* WORK TO COMPLETE
Your answer must be the full listing, repeated word for word.

* RECORDS FOR THIS EXERCISE
○ ○ ○ ○ ○ ○ ○
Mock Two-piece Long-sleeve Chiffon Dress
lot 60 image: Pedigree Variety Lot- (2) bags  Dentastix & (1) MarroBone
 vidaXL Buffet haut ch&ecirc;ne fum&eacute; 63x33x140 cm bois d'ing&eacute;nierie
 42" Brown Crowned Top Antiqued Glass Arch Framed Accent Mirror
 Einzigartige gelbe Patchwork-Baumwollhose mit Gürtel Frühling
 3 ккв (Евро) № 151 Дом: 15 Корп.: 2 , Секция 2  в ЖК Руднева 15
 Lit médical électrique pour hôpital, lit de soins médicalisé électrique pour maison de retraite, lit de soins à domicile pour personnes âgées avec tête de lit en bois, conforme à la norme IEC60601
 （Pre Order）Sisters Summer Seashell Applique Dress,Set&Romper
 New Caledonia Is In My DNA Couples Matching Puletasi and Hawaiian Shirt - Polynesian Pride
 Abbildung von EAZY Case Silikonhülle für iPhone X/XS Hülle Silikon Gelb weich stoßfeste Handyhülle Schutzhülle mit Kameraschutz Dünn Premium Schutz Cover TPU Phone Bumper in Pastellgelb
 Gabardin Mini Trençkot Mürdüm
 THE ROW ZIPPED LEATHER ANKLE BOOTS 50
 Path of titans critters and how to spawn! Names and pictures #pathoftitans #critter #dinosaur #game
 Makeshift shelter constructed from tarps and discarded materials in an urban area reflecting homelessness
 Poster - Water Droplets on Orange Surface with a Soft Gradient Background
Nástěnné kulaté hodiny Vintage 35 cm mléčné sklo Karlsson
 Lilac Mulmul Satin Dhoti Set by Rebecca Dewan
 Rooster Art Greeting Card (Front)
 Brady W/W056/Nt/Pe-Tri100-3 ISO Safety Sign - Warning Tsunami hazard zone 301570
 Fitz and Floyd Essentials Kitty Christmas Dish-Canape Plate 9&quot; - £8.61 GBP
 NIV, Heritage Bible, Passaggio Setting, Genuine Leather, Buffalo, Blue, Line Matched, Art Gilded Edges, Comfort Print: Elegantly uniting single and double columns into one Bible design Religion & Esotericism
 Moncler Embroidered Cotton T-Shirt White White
○ ○ ○ ○ ○ ○ ○
* REPLY TO THE TASK
Mock Two-piece Long-sleeve Chiffon Dress
lot 60 image: Pedigree Variety Lot- (2) bags  Dentastix & (1) MarroBone
 vidaXL Buffet haut ch&ecirc;ne fum&eacute; 63x33x140 cm bois d'ing&eacute;nierie
 42" Brown Crowned Top Antiqued Glass Arch Framed Accent Mirror
 Einzigartige gelbe Patchwork-Baumwollhose mit Gürtel Frühling
 3 ккв (Евро) № 151 Дом: 15 Корп.: 2 , Секция 2  в ЖК Руднева 15
 Lit médical électrique pour hôpital, lit de soins médicalisé électrique pour maison de retraite, lit de soins à domicile pour personnes âgées avec tête de lit en bois, conforme à la norme IEC60601
 （Pre Order）Sisters Summer Seashell Applique Dress,Set&Romper
 New Caledonia Is In My DNA Couples Matching Puletasi and Hawaiian Shirt - Polynesian Pride
 Abbildung von EAZY Case Silikonhülle für iPhone X/XS Hülle Silikon Gelb weich stoßfeste Handyhülle Schutzhülle mit Kameraschutz Dünn Premium Schutz Cover TPU Phone Bumper in Pastellgelb
 Gabardin Mini Trençkot Mürdüm
 THE ROW ZIPPED LEATHER ANKLE BOOTS 50
 Path of titans critters and how to spawn! Names and pictures #pathoftitans #critter #dinosaur #game
 Makeshift shelter constructed from tarps and discarded materials in an urban area reflecting homelessness
 Poster - Water Droplets on Orange Surface with a Soft Gradient Background
Nástěnné kulaté hodiny Vintage 35 cm mléčné sklo Karlsson
 Lilac Mulmul Satin Dhoti Set by Rebecca Dewan
 Rooster Art Greeting Card (Front)
 Brady W/W056/Nt/Pe-Tri100-3 ISO Safety Sign - Warning Tsunami hazard zone 301570
 Fitz and Floyd Essentials Kitty Christmas Dish-Canape Plate 9&quot; - £8.61 GBP
 NIV, Heritage Bible, Passaggio Setting, Genuine Leather, Buffalo, Blue, Line Matched, Art Gilded Edges, Comfort Print: Elegantly uniting single and double columns into one Bible design Religion & Esotericism
 Moncler Embroidered Cotton T-Shirt White White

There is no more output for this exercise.